Scientists bugged by chimpanzee medicine | Interviews

When you have a nasty cut, or scrape, you will naturally heal your wound. Now, this can include knocking on an antiseptic or applying pain-relieving cream and wrapping it in a bandage. But a family was recently discovered using an unconventional approach. Harry Lewis heard about it from Simone Pika and Lara Southern, who are at the University of Osnabrück…

Lara – In this video you will see the mother sit down and reach out to grab a small object under a leaf, which she then moves to her mouth before moving it to her son’s injured foot. She repeats these last movements several times, working her way up from her mouth to her son’s wound, essentially healing him.

Harry – What is Susie trying to grasp?

Simone – What we know at the moment is that it is a flying insect. We haven’t identified the species yet because if you look closely at what Susie does, she grabs it and puts it in her mouth. There are probably two things she is doing here. First, she could immobilize it, so the insect doesn’t just fly out of her mouth. But it seems she’s also squeezing it to get something out of it and then putting it in the wound. Sometimes they also remove it from the wound, put it back in the mouth, squeeze it again, and then reapply it. But that means that after a bug application event, there isn’t much left of these tiny little bugs and so far we haven’t been able to identify it yet.

Harry- Alright. And we should probably tell everyone the secret. Shouldn’t we Simone, it’s actually a group of chimpanzees, isn’t it?

Simone – Oh yeah.

Harry- Oh yeah.

Simone – Yeah. Chimpanzees live in a “fission-fusion system”, meaning they are not always together. We currently have, in one of our groups, about 45 individuals with adult males, females and their offspring. But then, during the day, the chimpanzees split up into small groups. What you see here is a small party, just Susie with her family, but later in the clip there’s another woman and a man wanting to see what happened.

Harry – So we think it’s for medicinal purposes, but have we seen that elsewhere? Is it completely new?
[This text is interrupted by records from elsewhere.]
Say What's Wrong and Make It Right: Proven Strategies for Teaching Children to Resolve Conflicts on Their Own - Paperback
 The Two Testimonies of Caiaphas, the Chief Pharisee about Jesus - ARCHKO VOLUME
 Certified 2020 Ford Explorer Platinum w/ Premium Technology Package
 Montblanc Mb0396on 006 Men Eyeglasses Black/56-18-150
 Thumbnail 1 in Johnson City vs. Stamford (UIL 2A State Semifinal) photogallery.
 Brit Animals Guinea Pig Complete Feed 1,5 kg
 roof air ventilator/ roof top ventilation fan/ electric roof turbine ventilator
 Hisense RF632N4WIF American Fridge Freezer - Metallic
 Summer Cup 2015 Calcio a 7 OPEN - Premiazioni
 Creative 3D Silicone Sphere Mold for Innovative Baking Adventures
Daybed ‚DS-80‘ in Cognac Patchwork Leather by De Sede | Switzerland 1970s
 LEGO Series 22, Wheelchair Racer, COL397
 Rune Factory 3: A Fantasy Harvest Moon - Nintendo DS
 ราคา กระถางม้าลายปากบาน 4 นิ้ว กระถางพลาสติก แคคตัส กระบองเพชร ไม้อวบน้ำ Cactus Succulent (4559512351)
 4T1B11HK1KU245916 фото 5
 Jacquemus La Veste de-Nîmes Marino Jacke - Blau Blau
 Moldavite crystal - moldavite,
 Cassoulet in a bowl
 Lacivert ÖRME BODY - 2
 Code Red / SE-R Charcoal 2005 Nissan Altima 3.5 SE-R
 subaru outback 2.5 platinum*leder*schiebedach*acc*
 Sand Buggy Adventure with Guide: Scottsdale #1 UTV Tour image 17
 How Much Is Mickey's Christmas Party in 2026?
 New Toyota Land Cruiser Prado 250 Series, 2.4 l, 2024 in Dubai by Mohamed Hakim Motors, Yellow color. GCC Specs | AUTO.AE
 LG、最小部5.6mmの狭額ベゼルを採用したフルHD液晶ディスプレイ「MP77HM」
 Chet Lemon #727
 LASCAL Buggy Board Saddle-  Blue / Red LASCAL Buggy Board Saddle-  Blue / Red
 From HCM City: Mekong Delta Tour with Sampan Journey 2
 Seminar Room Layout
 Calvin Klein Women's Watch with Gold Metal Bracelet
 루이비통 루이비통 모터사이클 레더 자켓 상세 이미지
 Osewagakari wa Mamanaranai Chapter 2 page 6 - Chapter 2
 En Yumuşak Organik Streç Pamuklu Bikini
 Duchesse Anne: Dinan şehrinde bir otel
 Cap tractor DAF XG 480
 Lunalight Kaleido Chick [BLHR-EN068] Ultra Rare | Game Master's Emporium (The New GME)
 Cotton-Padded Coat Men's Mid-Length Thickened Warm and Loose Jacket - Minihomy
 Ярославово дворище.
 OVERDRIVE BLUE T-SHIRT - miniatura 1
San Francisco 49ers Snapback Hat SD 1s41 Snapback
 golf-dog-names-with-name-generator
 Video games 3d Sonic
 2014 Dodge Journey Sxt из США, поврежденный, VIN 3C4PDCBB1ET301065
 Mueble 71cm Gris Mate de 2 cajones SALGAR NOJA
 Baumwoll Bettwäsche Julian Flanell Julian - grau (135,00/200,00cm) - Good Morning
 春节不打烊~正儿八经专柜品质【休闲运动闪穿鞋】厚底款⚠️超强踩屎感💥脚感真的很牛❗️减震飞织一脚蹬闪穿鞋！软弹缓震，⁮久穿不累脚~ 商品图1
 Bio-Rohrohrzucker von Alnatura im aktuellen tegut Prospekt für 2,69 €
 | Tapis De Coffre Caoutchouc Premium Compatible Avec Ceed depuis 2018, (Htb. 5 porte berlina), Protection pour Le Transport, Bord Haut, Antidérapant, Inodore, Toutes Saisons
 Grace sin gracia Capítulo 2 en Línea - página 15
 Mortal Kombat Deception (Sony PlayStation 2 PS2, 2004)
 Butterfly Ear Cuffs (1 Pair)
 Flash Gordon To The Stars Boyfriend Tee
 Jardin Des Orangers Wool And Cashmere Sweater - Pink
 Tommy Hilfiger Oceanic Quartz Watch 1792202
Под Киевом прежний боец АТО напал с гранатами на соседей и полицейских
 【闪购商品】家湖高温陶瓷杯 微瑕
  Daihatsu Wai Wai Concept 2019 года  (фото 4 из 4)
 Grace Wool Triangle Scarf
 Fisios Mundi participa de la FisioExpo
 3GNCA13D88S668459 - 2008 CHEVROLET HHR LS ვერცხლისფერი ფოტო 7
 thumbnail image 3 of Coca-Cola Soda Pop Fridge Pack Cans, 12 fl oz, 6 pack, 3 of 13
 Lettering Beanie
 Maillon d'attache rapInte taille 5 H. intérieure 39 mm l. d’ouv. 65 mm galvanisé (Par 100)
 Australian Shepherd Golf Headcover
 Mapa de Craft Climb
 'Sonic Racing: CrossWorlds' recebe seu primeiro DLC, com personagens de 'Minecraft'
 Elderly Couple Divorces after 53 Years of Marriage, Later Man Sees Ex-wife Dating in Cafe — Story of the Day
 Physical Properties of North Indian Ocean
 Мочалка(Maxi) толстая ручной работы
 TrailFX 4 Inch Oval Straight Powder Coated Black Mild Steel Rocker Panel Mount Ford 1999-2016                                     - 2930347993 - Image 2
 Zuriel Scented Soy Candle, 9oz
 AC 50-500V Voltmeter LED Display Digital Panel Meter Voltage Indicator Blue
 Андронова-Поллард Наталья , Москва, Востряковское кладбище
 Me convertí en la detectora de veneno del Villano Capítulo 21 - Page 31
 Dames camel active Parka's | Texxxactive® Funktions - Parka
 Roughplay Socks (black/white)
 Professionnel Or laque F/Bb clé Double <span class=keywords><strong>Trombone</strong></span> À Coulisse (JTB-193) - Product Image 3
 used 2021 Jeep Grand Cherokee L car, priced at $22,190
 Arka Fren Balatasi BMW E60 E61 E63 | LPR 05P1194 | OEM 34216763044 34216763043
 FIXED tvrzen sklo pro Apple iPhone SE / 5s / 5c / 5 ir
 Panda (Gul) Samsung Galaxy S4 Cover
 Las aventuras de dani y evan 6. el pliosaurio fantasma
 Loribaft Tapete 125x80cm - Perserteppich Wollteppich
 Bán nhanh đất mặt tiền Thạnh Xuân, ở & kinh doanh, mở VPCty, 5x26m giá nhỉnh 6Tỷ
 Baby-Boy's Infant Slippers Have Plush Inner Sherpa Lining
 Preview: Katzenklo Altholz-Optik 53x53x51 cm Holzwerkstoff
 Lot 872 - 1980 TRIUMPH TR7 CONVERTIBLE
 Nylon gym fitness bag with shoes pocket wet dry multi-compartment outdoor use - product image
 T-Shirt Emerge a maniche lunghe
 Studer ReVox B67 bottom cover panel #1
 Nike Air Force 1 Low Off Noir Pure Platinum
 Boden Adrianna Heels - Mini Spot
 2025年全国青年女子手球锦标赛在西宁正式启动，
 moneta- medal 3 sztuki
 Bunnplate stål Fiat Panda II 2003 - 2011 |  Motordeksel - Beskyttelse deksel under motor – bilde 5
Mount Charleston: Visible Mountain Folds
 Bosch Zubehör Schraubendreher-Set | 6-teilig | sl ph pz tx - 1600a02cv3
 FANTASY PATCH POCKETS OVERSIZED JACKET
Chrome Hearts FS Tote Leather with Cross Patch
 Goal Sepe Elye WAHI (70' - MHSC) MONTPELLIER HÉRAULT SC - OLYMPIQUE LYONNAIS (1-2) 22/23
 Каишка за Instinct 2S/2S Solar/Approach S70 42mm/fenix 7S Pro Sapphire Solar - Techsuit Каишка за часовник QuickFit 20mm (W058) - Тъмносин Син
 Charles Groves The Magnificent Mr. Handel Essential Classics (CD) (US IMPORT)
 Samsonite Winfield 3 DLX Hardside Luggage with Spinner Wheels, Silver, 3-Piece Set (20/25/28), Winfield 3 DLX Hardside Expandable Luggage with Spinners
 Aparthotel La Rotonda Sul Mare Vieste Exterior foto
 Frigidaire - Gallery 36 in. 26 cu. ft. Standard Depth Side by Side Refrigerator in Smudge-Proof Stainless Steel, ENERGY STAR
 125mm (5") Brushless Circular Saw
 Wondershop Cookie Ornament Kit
Lara – In fact, self-medication is quite common in many animal taxa. Even in other chimpanzee subspecies, they self-medicate with plants by digesting certain plants and leaves. It’s to fight intestinal parasites, but this is the first time we’ve seen topical application of any type of animal material to a specific wound.

Harry – I guess by putting it in your mouth, either by deactivating it or by crushing it, they release the active ingredient.

Simone – We looked at the literature and in fact there is a huge literature on substances present in insects or larvae. These substances range from antibacterial, antifungal and antiviral substances to anti-inflammatory and even simply soothing substances. We think it’s really possible that they turn to insects, which contain these substances. But to truly understand this, we must first identify the insects, and then we must investigate and analyze the substances involved.

Harry – And I also suppose, Simone, that it’s not something unique. You have seen this happen more than once. Did it spread outside the troop or is it rather within this single family of chimpanzees?

Simone – In the last 15 months we have recorded 76 different wounds and in 25% of these cases the chimpanzees picked up insects and applied them to the wounds. At the moment, we think it’s a phenomenon that the majority of our individuals use. We saw it in 22 different chimps out of our 45 chimps.

Harry – From what we’ve already discussed I know you don’t know what the bug is, are there any guesses at this point?

Simone – We can reduce it to a steering wheel. Also, maybe you have seen this before. When you have a wound and there is fluid coming out of it, there are a lot of insects that like to land on the wound. If we speculate a bit on how such behavior was invented, it could be one of those flies that lands on the wound and wants to get something out of it. Then the chimpanzee tried to chase him away but ran him over, he landed in the wound and then there was a direct effect that eased his pain. This could be a possible scenario, but we don’t know. Maybe it’s something different and hopefully we’ll find out soon.